Problem Solved.....Went back to machine shop with crank in hand. 2nd time micropolishing this crank following the knife-edging, lightening, and balancing. I am also running ceramic coated bearings all the way around this motor(Main bearings and Rod bearings sourced from 034)

























Clearances are good all around. Bottom end is buttoned up, with oil system in place. The R head is next on the To Do list. This is a R32 24v head that will go on my 2.9L bottom end. 
ARP Billet main caps + studs
Integrated Engineering rifle drilled rods
ARP 625+ rod bolts
82mm 8:5:1 JE pistons(dome and skirt ceramic coated)
The head is an R32 head sourced from Issam. I believe it is out of a Toureg. I am using the stock valves, with a 5 angle valve job. 034 Dual Spring kit with titanium retainers and a set of TT 264/260 cams will help me safely rev to 8200rpm. C2 management is already in hand, but I do need to order injectors to match. 550cc will be used. Down the road, possibly in a different vehicle, I will look to do a Pro-Maf and a big bump in injector and possibly a GT40. This would be in AWD set up WAY WAY down the road.

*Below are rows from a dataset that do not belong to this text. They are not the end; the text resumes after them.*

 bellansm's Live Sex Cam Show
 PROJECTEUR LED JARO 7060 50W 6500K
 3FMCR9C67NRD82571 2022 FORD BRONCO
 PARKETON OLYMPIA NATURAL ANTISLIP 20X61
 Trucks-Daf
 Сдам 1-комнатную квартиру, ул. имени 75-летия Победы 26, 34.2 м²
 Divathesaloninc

Block is powdercoated BMW Performance Gold. 
























Downpipe custom made by Arnold @ Pag Parts plus Pag Exhaust Manifold
Downpipe is coated by SwainTechnologies White Lightening. Manifold and hotside of turbo is also ceramic coated by Arnold.

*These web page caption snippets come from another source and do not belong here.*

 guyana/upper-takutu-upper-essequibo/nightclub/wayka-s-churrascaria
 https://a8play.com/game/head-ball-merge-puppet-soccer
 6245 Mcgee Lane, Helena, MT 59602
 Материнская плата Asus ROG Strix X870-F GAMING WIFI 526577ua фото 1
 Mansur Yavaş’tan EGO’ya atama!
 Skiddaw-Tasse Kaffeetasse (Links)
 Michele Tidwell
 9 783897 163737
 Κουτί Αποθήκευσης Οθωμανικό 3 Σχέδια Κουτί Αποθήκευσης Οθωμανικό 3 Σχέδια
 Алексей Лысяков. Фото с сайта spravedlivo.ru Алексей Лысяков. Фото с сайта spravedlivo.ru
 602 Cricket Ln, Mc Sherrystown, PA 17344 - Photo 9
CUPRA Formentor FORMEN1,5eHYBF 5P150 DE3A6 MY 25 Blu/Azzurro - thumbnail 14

Garrett GT3582 T4 w/ precision covers 0.68AR put together by Pag Parts








AWIC system w/ trunk mounted resevoir:









Thanks for looking. This is a 3+ year build that has had its ups and downs. After way too much time planning, purchasing, and finally building, I plan on having my 24v VRT on the road before the end of the year.


----------



## huichox4 (Nov 8, 2004)

Well it seems that you have the issue resolved, but My machinist mentioned that the coated bearings sometimes need a bit of rubbing with a scotch green pad for this same reason. I guess I was too late for you instead of going back to the machinist. 

I am using those 034 bearings and so far so good. over 400+awhp and 460+awtq I will be pushing more now that my setup changed but still need to figure out an electrical bug :banghead:

Also HPA uses coated bearings I think so they must be good.


----------



## INA (Nov 16, 2005)

KubotaPowered said:


> I don't like using the coated bearings for that reason. I have yet to see a good rebuild on new stock bearings fail on a FI VR6. Stick with what works


I am pretty sure I read this thread and attempted to reply to it but then got side tracked.

FWIW , Bentley W12 bearings are coated from the factory and the 034 coated bearings are the same as what Calico has been offering.
I have read some comments across the forum where people say "dont buy the 034 bearings , buy Calico"

6 of one , half of dozen of the other....nothing wrong with coated bearings considering the cost involved to get them (less than 40% over what the OEM bearings are worth).

Looking good Joshua.


----------